▸ WHAT TO PRODUCE
For every entry, reproduce the wording exactly and omit any image it holds.

▸ EXCERPTED RECORDS
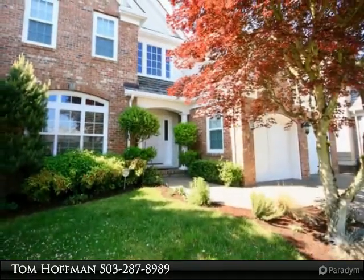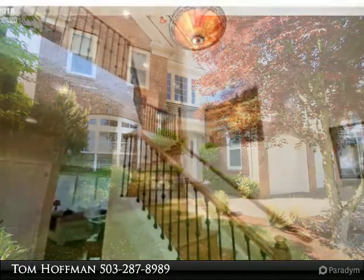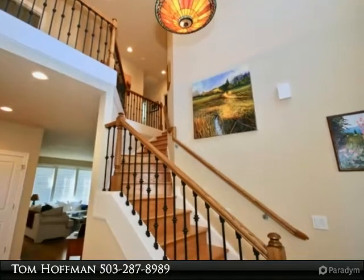Beautifully finished hardwood floors and designer colors can be found in every room. 9-foot ceilings. Don't miss this amazing custom home.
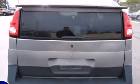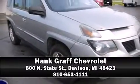Our sales reps are extremely helpful and knowledgeable. Please don't hesitate to give us a call.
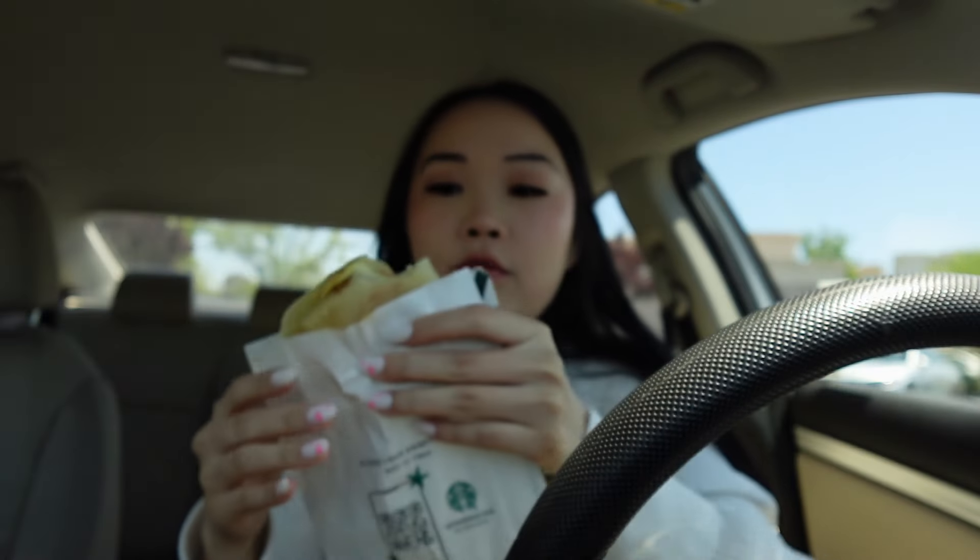For lunch I just got a little breakfast sandwich — the bacon gouda. It's a tiny little sandwich with bacon, egg, and cheese. Let's take the first bite together! The bread is so chewy and fluffy, the egg is so fluffy, and the bacon — who doesn't love bacon? I'm going to enjoy this in the car and then we'll head over to Home Goods.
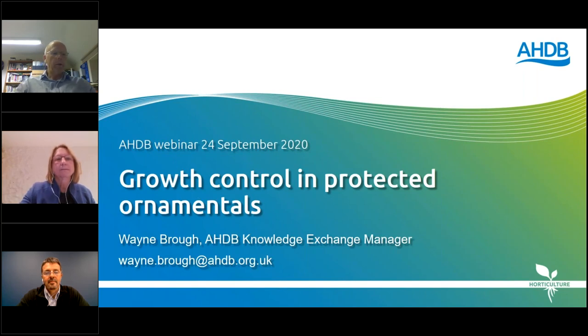Hello and welcome to this AHDB webinar on growth control on ornamentals. I'm Wayne Brough, AHDB Knowledge Exchange Manager, and today's webinar covers some of the practical aspects from two ongoing AHDB projects. The first is the bedding and pot plant centre, with a work package assessing new potential plant growth regulator products. The second is PO22, a project looking at the potential of deficit irrigation techniques on poinsettia. The overall aim is to maintain the number of PGRs available in the short term, while developing chemical-free techniques for growth control in the longer term.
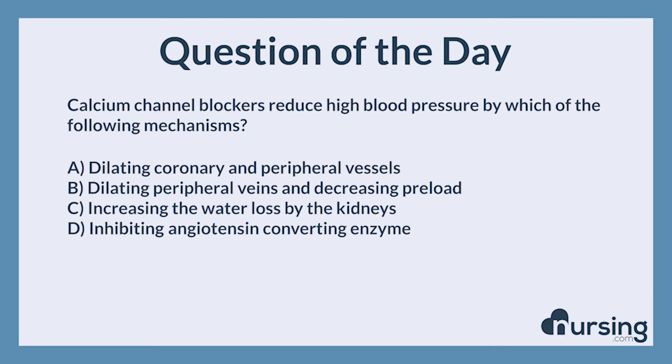The nursing category is pharmacology. The NCLEX category is pharmacological and parenteral therapies.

▸ ANSWER SPACE
Beautifully finished hardwood floors and designer colors can be found in every room. 9-foot ceilings. Don't miss this amazing custom home.
Our sales reps are extremely helpful and knowledgeable. Please don't hesitate to give us a call.
For lunch I just got a little breakfast sandwich — the bacon gouda. It's a tiny little sandwich with bacon, egg, and cheese. Let's take the first bite together! The bread is so chewy and fluffy, the egg is so fluffy, and the bacon — who doesn't love bacon? I'm going to enjoy this in the car and then we'll head over to Home Goods.
Hello and welcome to this AHDB webinar on growth control on ornamentals. I'm Wayne Brough, AHDB Knowledge Exchange Manager, and today's webinar covers some of the practical aspects from two ongoing AHDB projects. The first is the bedding and pot plant centre, with a work package assessing new potential plant growth regulator products. The second is PO22, a project looking at the potential of deficit irrigation techniques on poinsettia. The overall aim is to maintain the number of PGRs available in the short term, while developing chemical-free techniques for growth control in the longer term.
The nursing category is pharmacology. The NCLEX category is pharmacological and parenteral therapies.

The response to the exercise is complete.